Toxic people are not just having a bad moment or a bad day. They are choosing with intent to be harmful and dangerous.
Jesus tells us to flee from these people. To not have a drink with them. Or you will be known like them and become like them.
I lost my children because I would not submit to my abuse.
I am alive today because of my choice to follow God.
Not to have patience with evil and hope it wakes up.
This is sad that these thoughts are being put out there.
So sad.
If I was to do what this man states..I would be dead.
Is that really what anyone thinks is right?
God speaks very strongly about evil and so does Jesus.
It is the removing myself from evil that has brought forth my strongest walk with God.

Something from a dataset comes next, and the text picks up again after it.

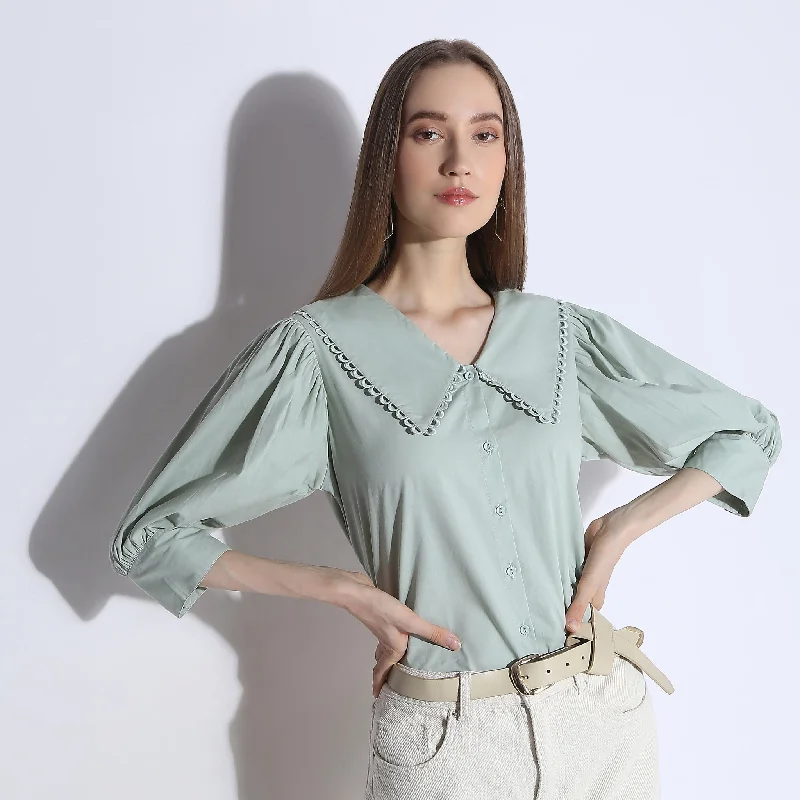 Unwind with Weekend Discounts Regular Fit Solid Shirt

And God states very clearly that you do not have to forgive unrepentant.
I am stunned.
I am truly sorry to have distressed you. I wholeheartedly agree w/ your statement that God abhors evil and instructs us to remove ourselves from it. My intent, in circulating this article, was to confirm the right we have to distance our selves from evil, as a means of self-defense. The article, as I read it, recommends we do that (not the contrary).
Forgiveness is a more difficult issue. We are called upon to forgive simply because Christ forgave us. This is what concentration camp survivor Corrie ten Boom wrote in The Hiding Place:
“…I discovered that it is not on our forgiveness any more than on our goodness that the world’s healing hinges, but on His. When He tells us to love our enemies, He gives, along with the command, the love itself.”

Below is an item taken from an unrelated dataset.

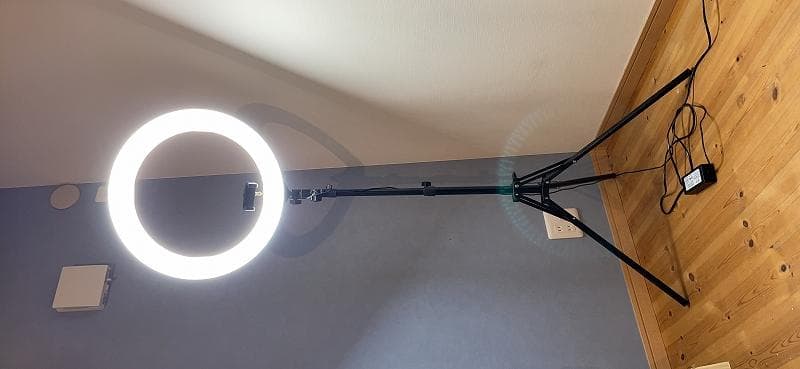 2M調整可能 LEDリングライト 二色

Forgiveness — for those who choose to take up the challenge — frees victims from bitterness, allowing them to move forward with their lives.
That does NOT mean we must re-submit to abuse (whatever form it may take). Forgiveness does not necessarily restore trust, even when repentance is sincere. The forfeiture of trust is one of the consequences of sin for abusers.
In an absence of repentance, hell is the other. God, Himself, will not forgive without repentance.
Many good points. I would expand this by not limiting it to Christians all good people in the world need to identify and deal with Narcissistic people basically they are evil. Love is not one of their emotions as they are cruel and devoid of feelings. There is an excess of these people. Encountering these people has a bad affect on others. The affect can be slight if you are aware but more dramatic if you are not aware.
As you say, narcissism is extremely dangerous and damaging to those who have contact w/ narcissists (especially those who love them).